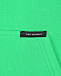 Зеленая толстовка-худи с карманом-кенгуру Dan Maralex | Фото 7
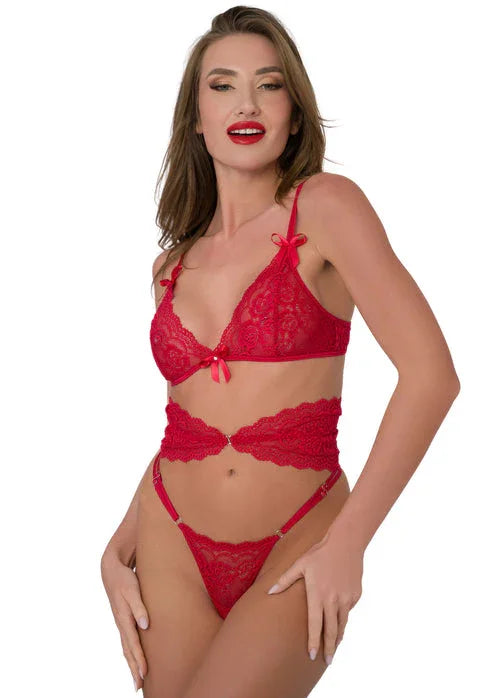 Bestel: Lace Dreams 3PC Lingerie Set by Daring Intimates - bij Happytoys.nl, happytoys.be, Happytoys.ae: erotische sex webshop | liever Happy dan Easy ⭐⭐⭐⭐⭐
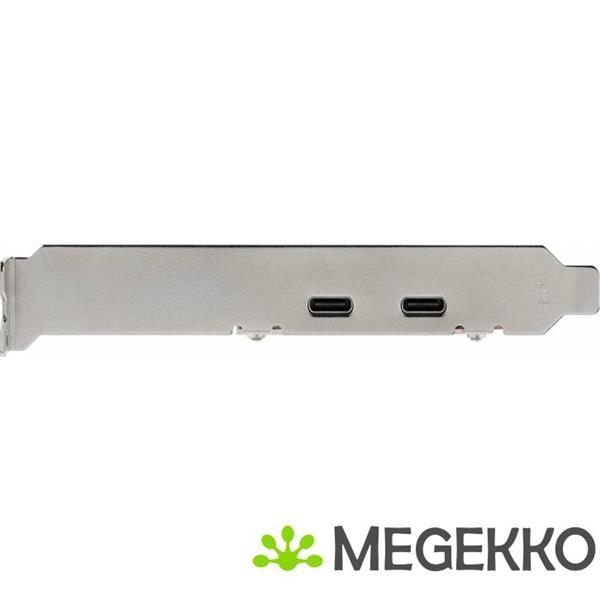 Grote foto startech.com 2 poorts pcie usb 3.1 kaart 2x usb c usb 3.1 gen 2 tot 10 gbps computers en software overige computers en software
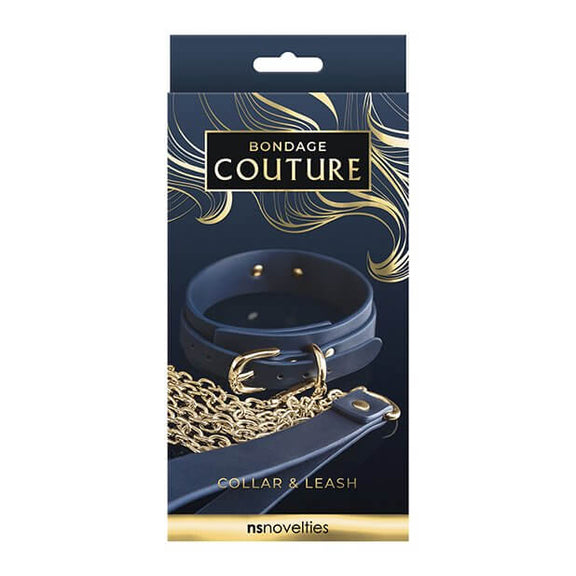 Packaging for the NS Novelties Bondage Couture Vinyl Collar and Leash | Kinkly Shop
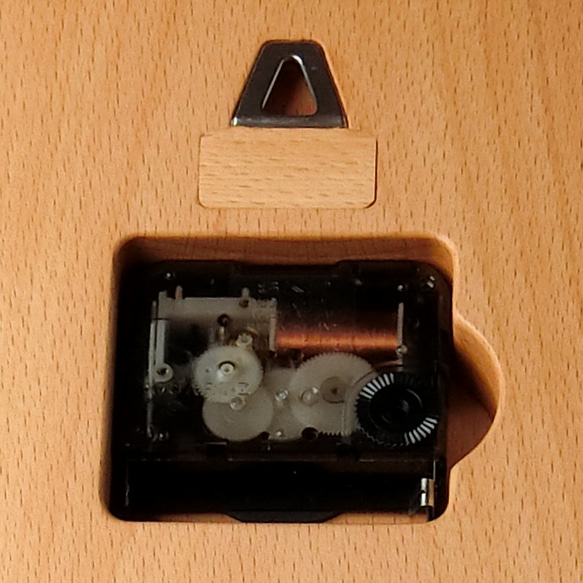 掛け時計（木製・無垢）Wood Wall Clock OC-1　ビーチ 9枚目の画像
┄┄┄┄┄┄┄┄┄┄┄┄┄┄┄┄┄┄┄┄
**Work order**
Except for the pictures, please retype the listing above exactly.

**Output for this task**
 Зеленая толстовка-худи с карманом-кенгуру Dan Maralex | Фото 7
 Bestel: Lace Dreams 3PC Lingerie Set by Daring Intimates - bij Happytoys.nl, happytoys.be, Happytoys.ae: erotische sex webshop | liever Happy dan Easy ⭐⭐⭐⭐⭐
 Grote foto startech.com 2 poorts pcie usb 3.1 kaart 2x usb c usb 3.1 gen 2 tot 10 gbps computers en software overige computers en software
 Packaging for the NS Novelties Bondage Couture Vinyl Collar and Leash | Kinkly Shop
 掛け時計（木製・無垢）Wood Wall Clock OC-1　ビーチ 9枚目の画像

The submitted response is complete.